■ EXERCISE MATERIAL:
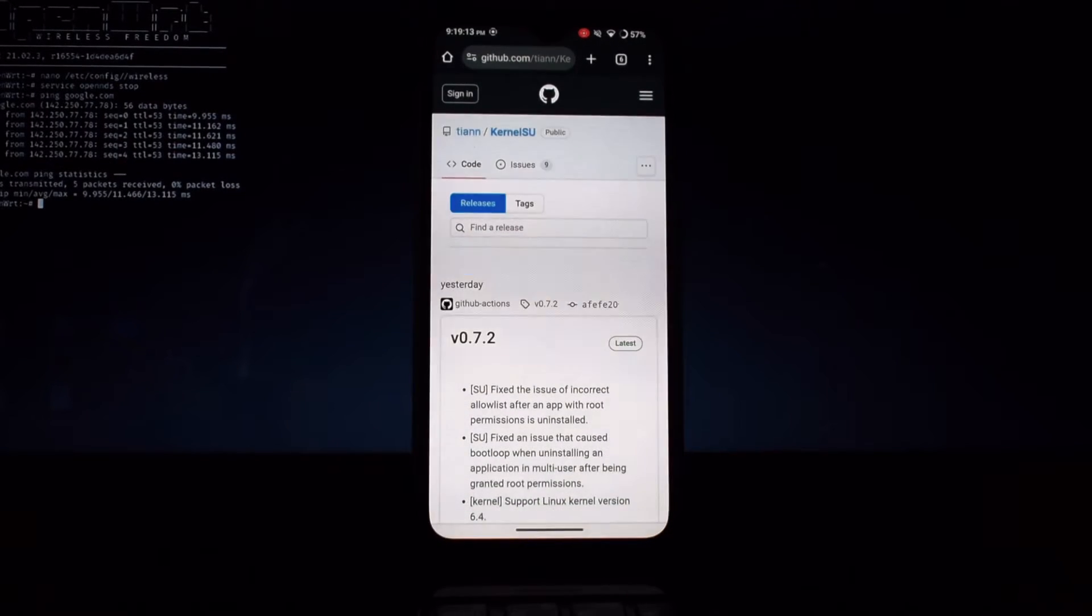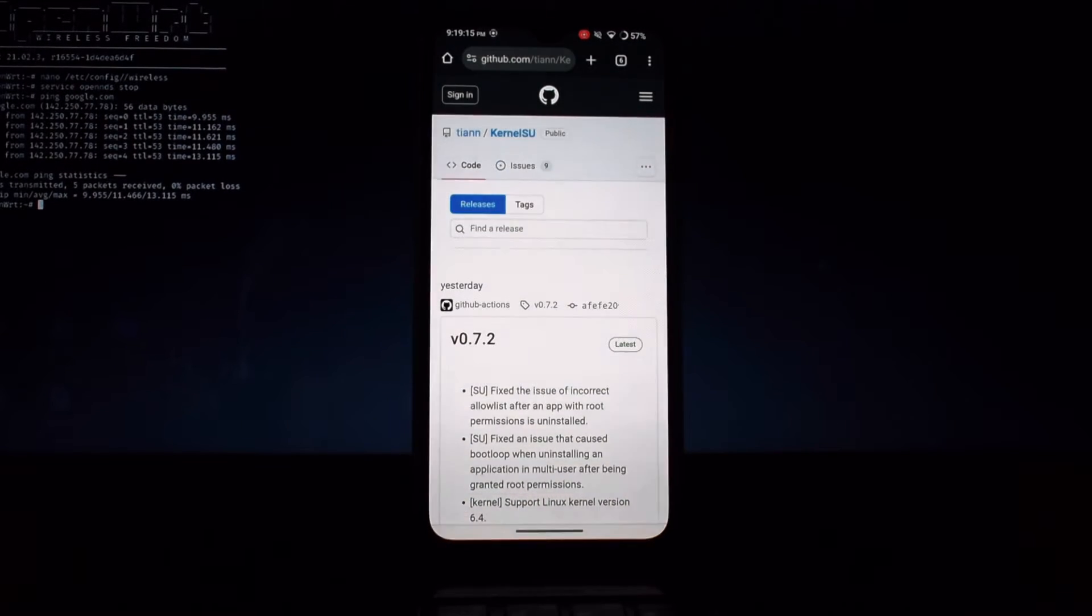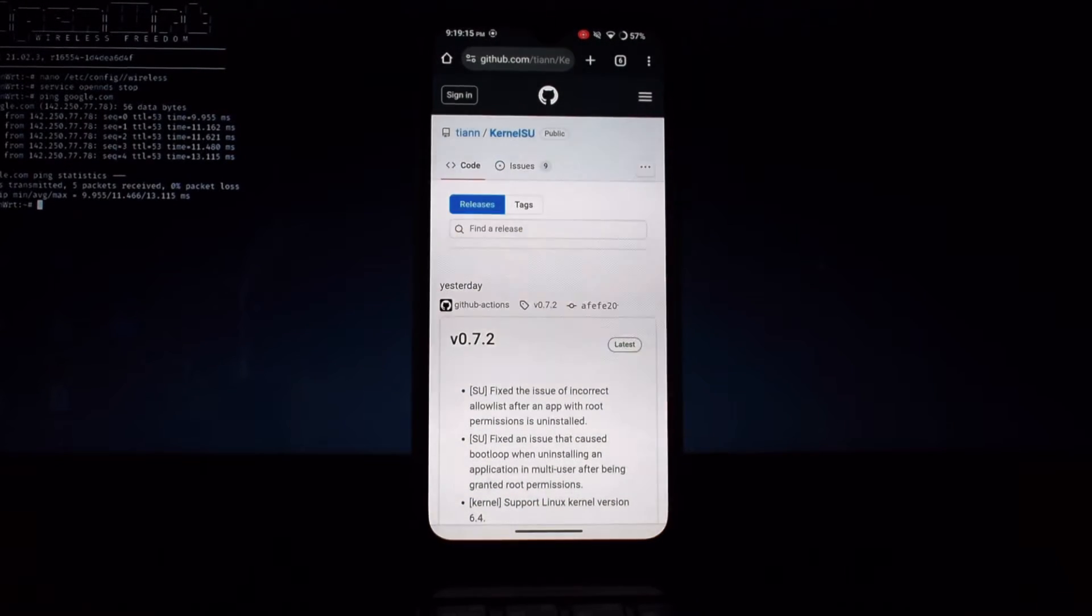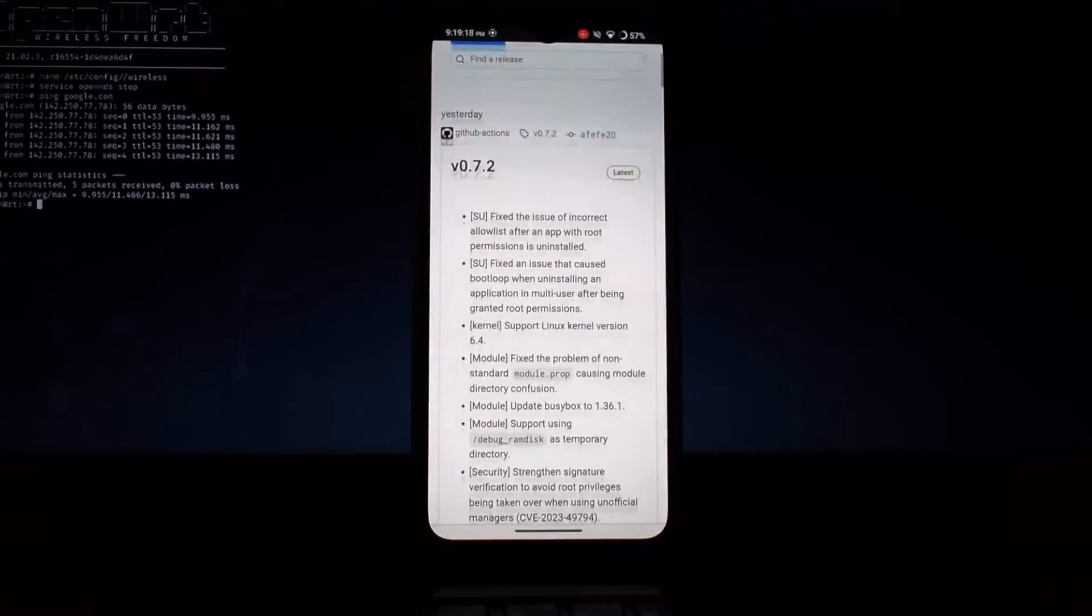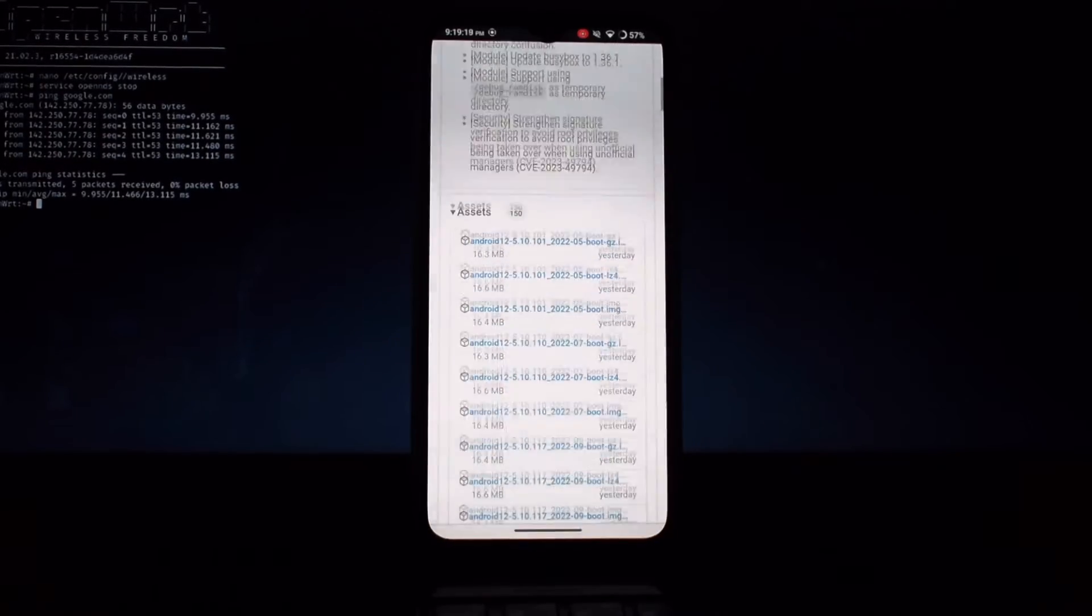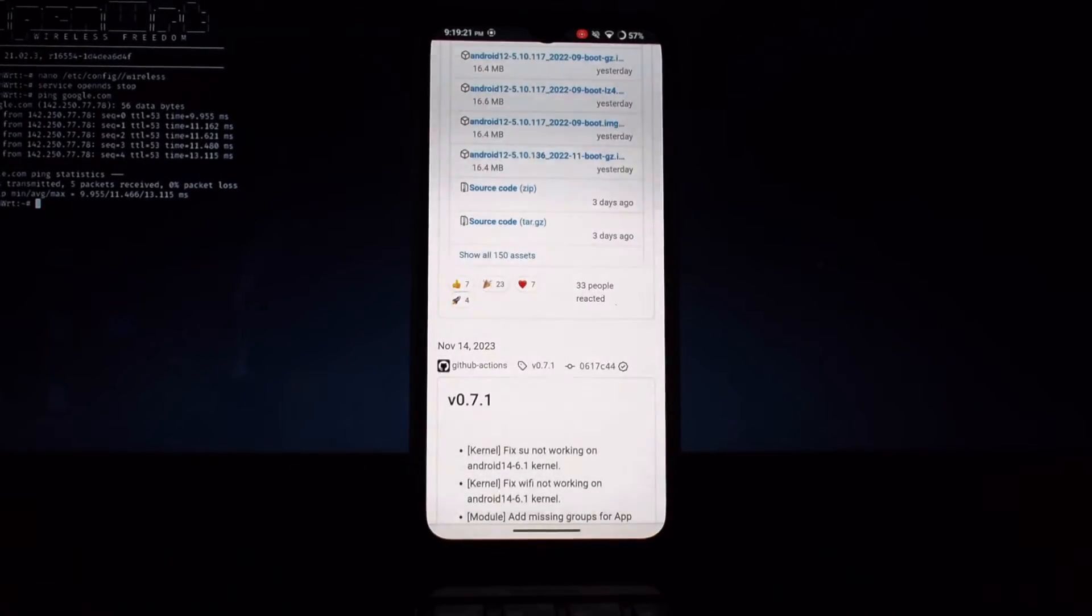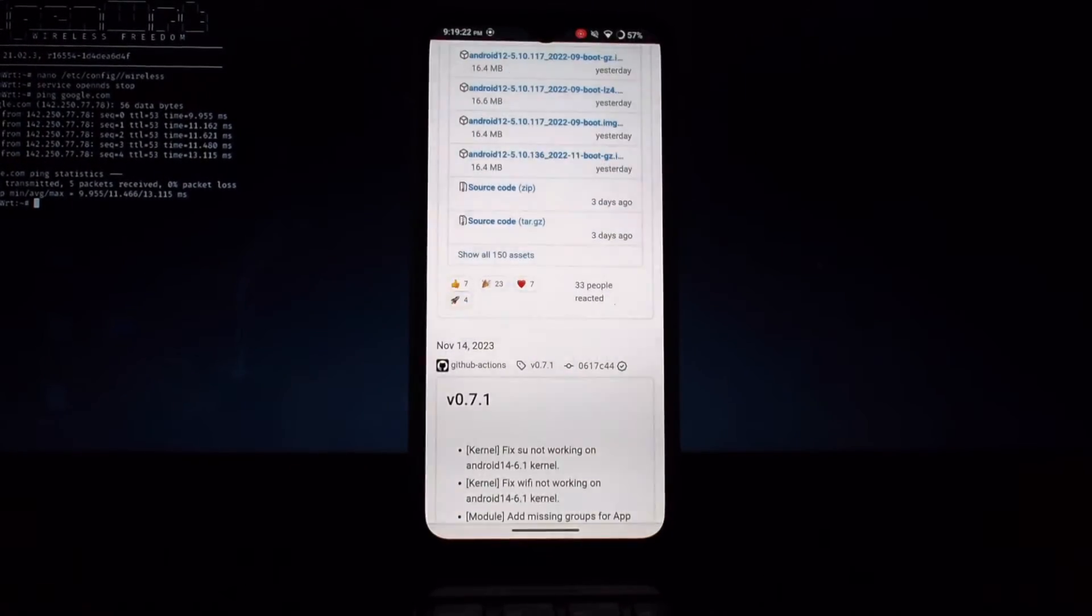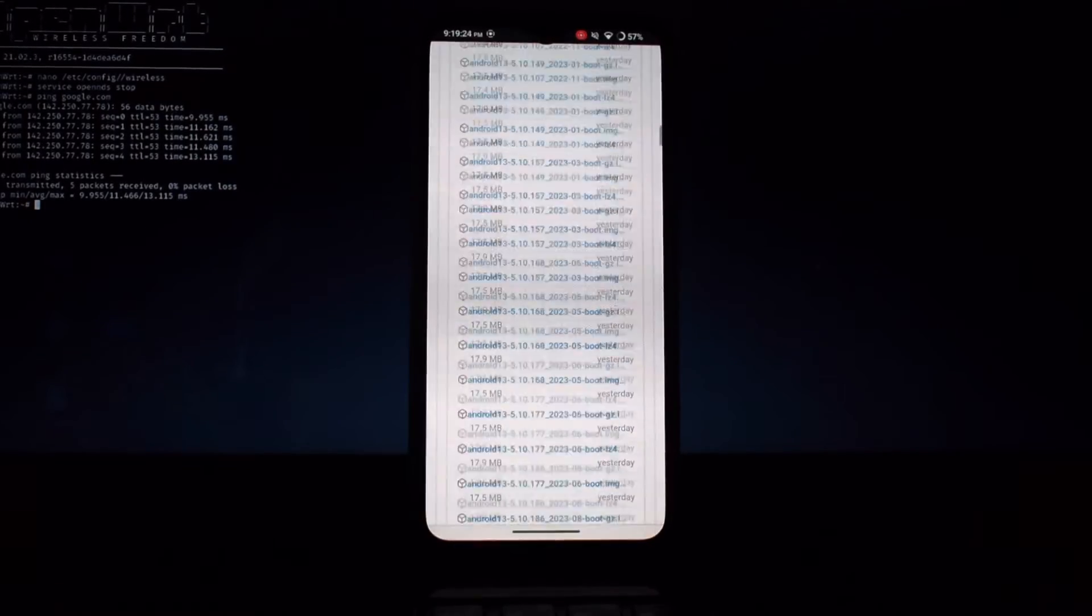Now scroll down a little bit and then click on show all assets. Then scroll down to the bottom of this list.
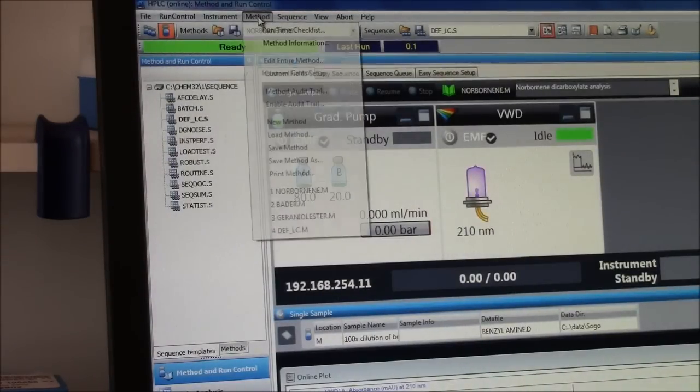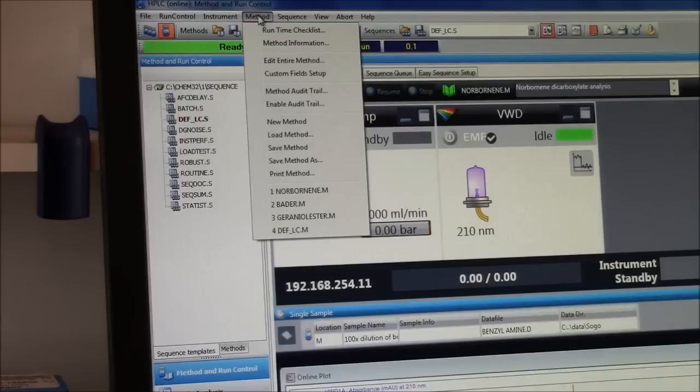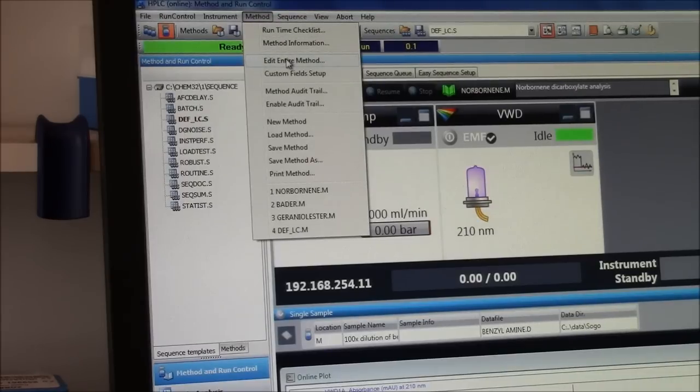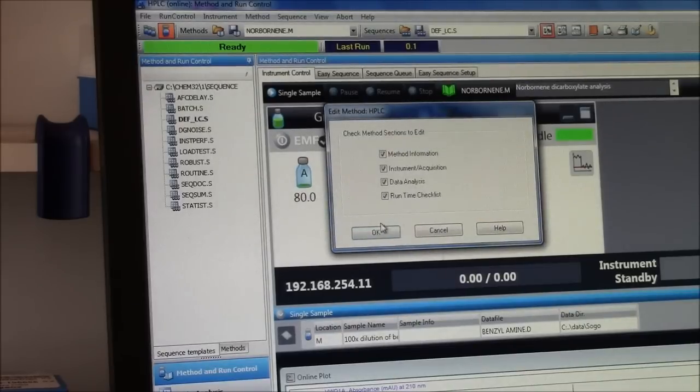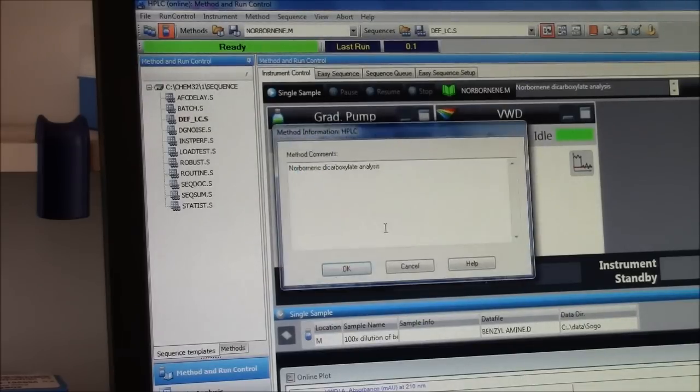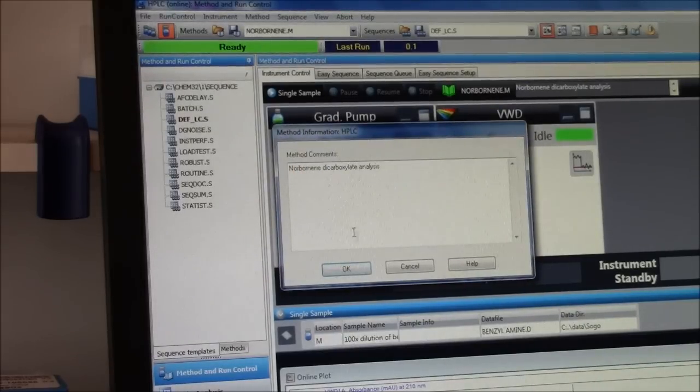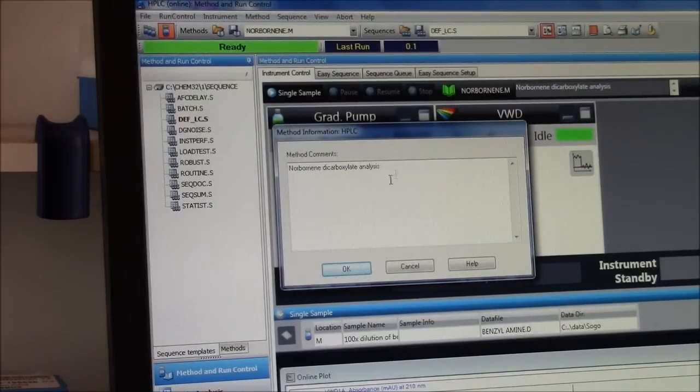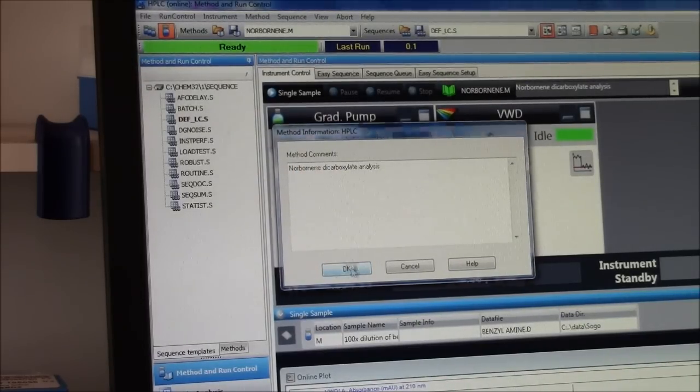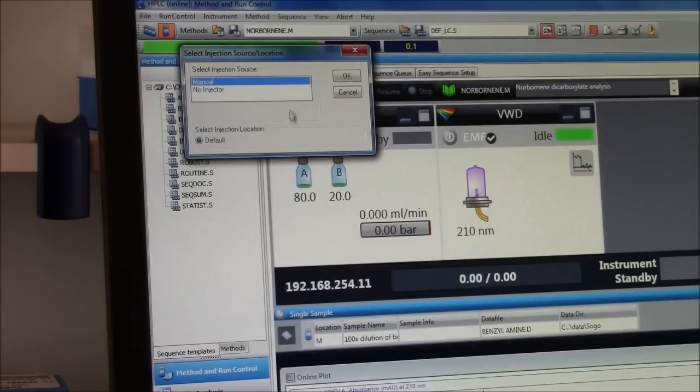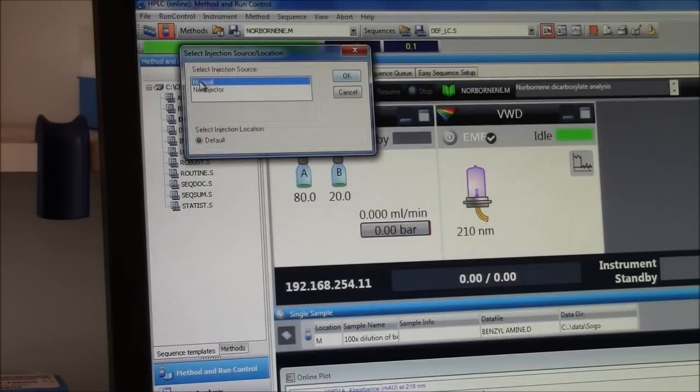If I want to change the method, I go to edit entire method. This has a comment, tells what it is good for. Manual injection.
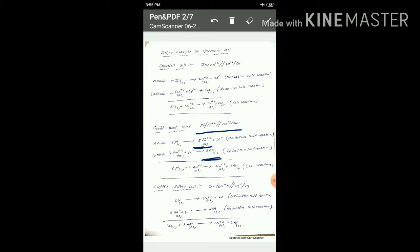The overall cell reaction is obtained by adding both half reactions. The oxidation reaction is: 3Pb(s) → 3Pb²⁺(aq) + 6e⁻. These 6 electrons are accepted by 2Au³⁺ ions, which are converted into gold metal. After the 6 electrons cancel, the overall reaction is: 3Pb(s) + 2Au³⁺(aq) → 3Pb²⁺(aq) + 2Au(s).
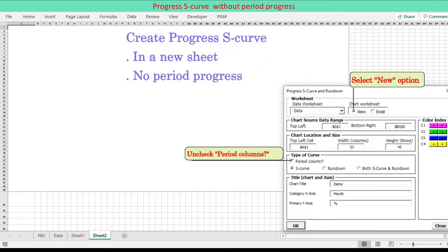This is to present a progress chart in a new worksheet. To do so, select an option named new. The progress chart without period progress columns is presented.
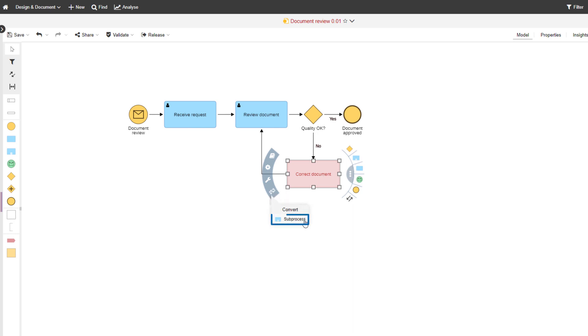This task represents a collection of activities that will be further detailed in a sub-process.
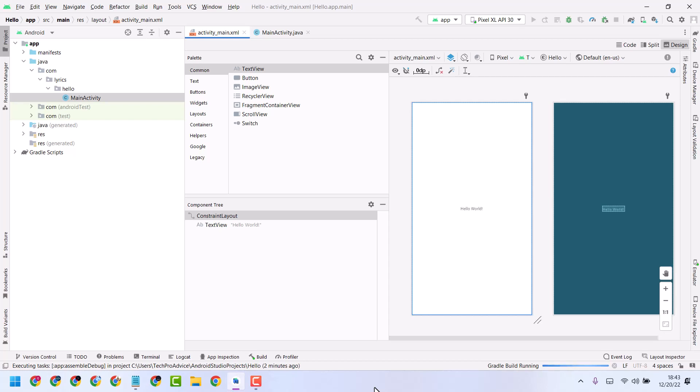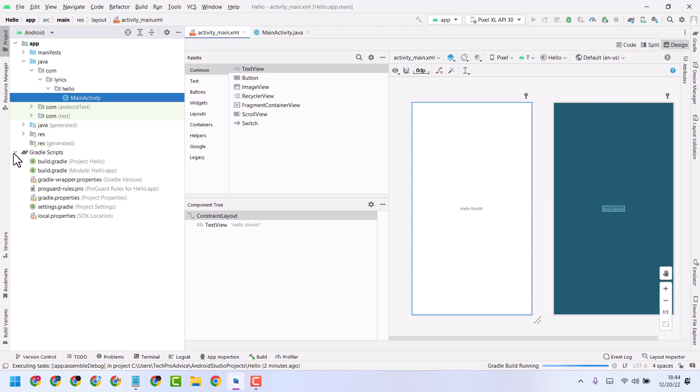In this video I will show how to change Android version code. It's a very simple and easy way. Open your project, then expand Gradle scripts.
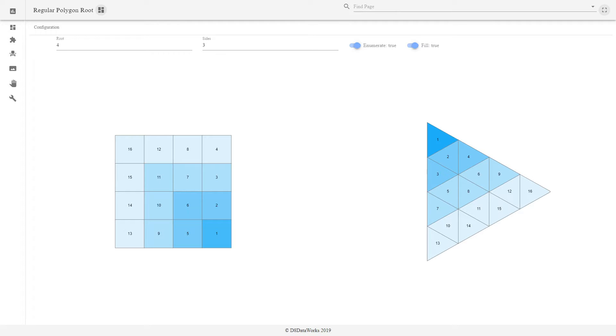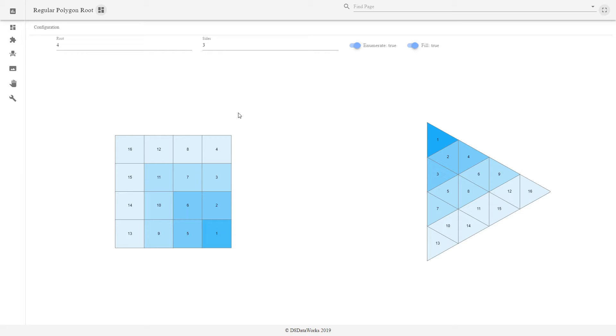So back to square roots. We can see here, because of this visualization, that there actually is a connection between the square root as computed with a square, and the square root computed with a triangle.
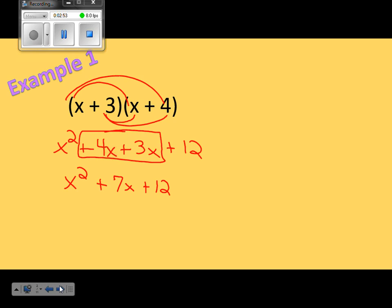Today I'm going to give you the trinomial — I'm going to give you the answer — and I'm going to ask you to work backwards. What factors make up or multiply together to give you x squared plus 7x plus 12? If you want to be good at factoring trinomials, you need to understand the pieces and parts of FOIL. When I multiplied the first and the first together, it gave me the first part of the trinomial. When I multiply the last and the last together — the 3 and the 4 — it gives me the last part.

■ TASK GOAL:
Nothing but the lines from the one containing "This is to present" through the one containing "In this video" should appear, copied exactly from the material above and without pictures.

■ EXPECTED OUTPUT:
This is to present a progress chart in a new worksheet. To do so, select an option named new. The progress chart without period progress columns is presented.
This task represents a collection of activities that will be further detailed in a sub-process.
In this video I will show how to change Android version code. It's a very simple and easy way. Open your project, then expand Gradle scripts.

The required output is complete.